- **Requirement**:
Every line of the material below should be output exactly as written, with the images skipped.

- **Source data**:
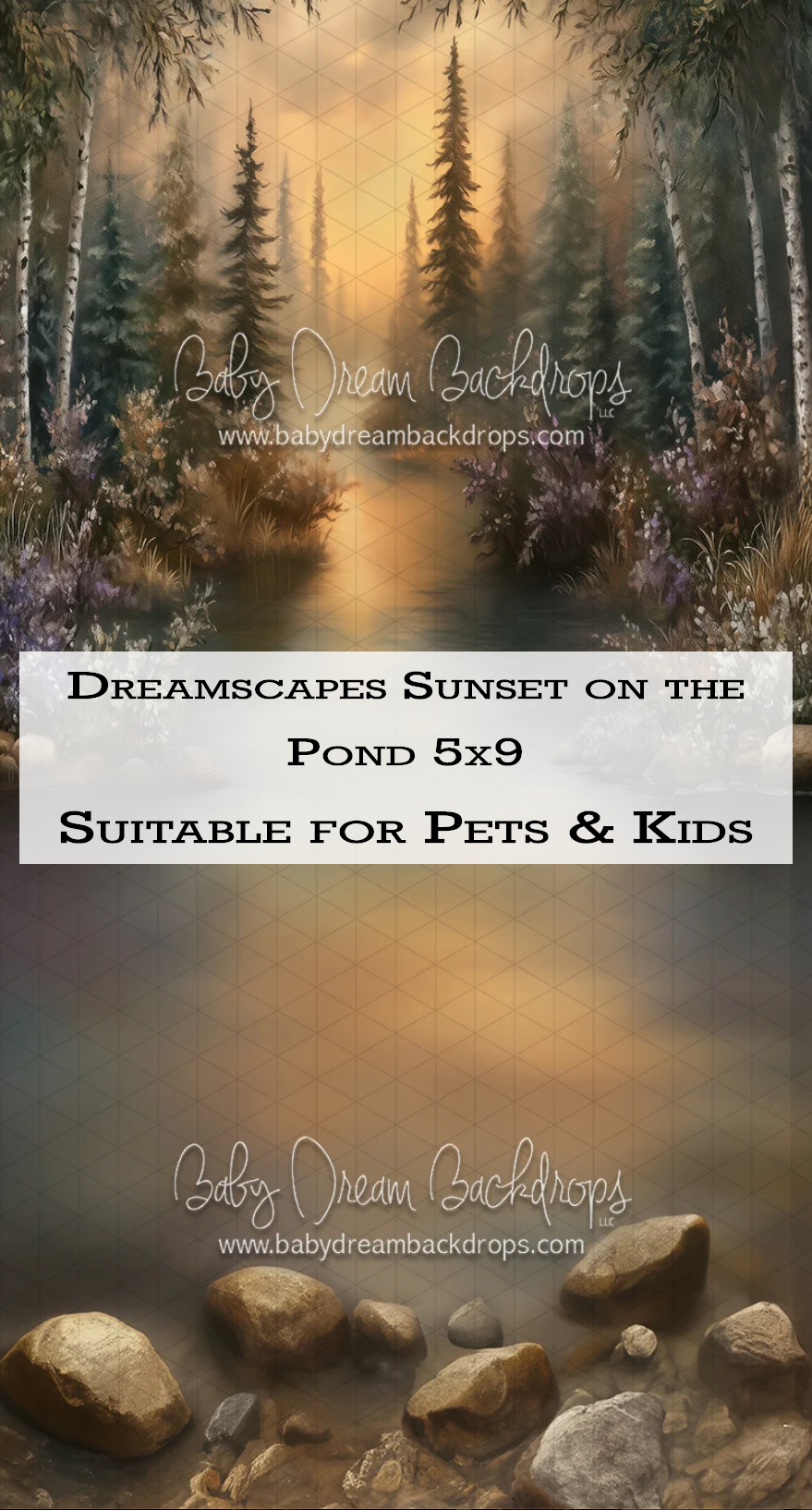 Baby Dream Backdrops Dreamscapes Sunset on the Pond 5x9 photography backdrop suitable for pets and kids.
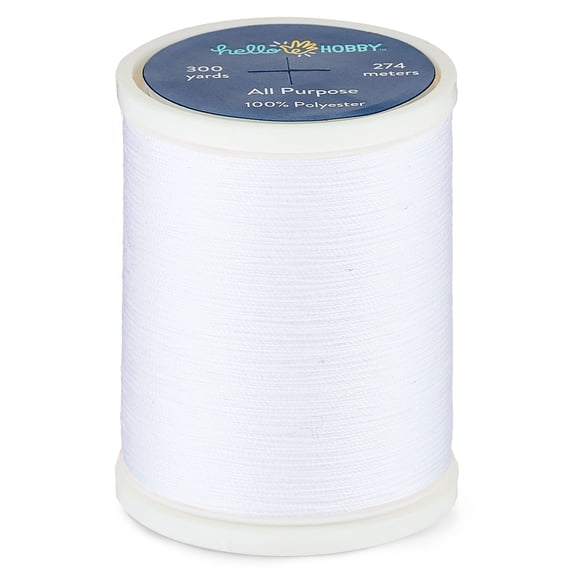 Hello Hobby White 100 All Purpose Thread 100% Polyester, 300 Yards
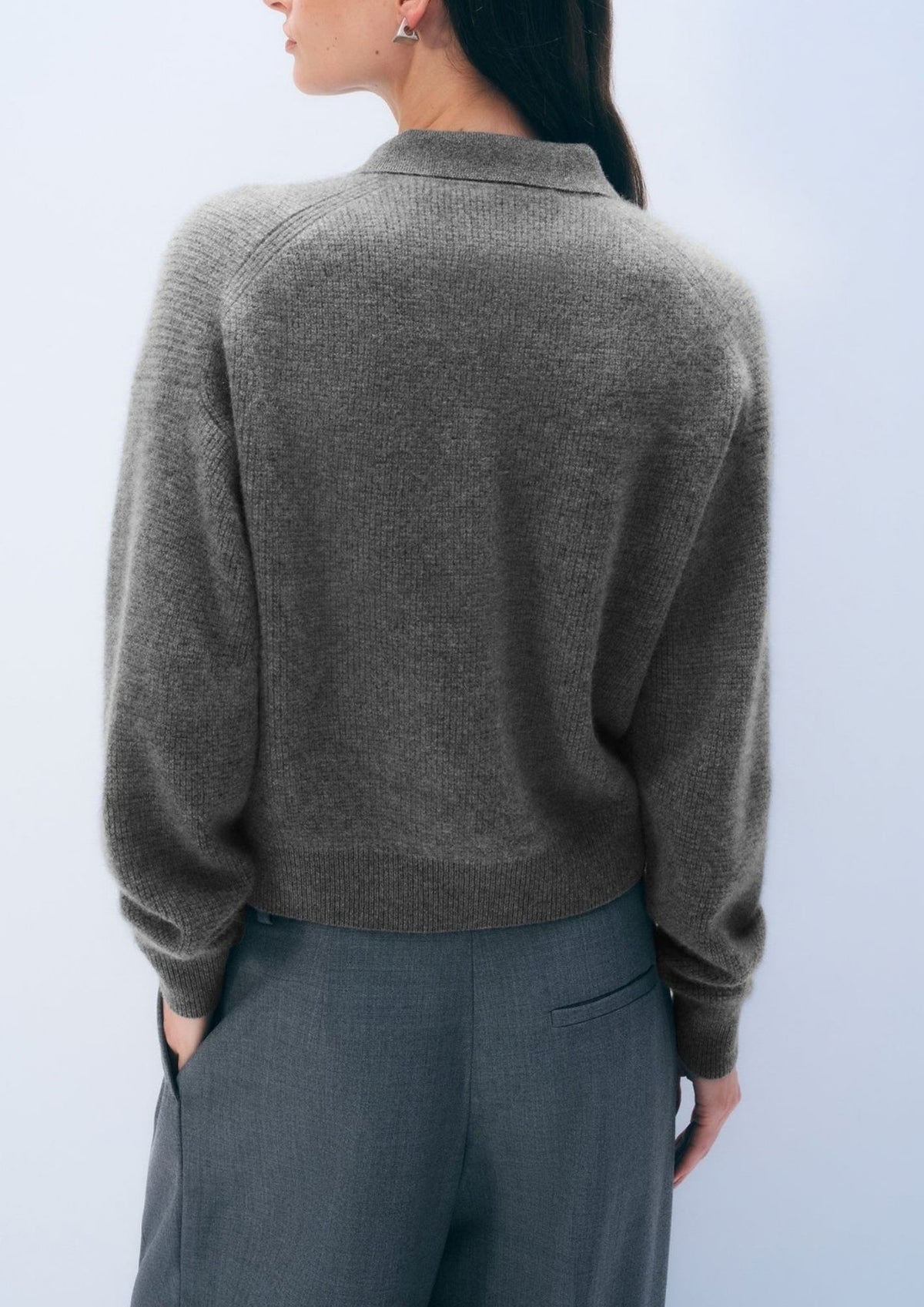 WHITE + WARREN Cashmere Waffle Polo Sweater - Grey Heather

- **Exercise response**:
 Baby Dream Backdrops Dreamscapes Sunset on the Pond 5x9 photography backdrop suitable for pets and kids.
 Hello Hobby White 100 All Purpose Thread 100% Polyester, 300 Yards
 WHITE + WARREN Cashmere Waffle Polo Sweater - Grey Heather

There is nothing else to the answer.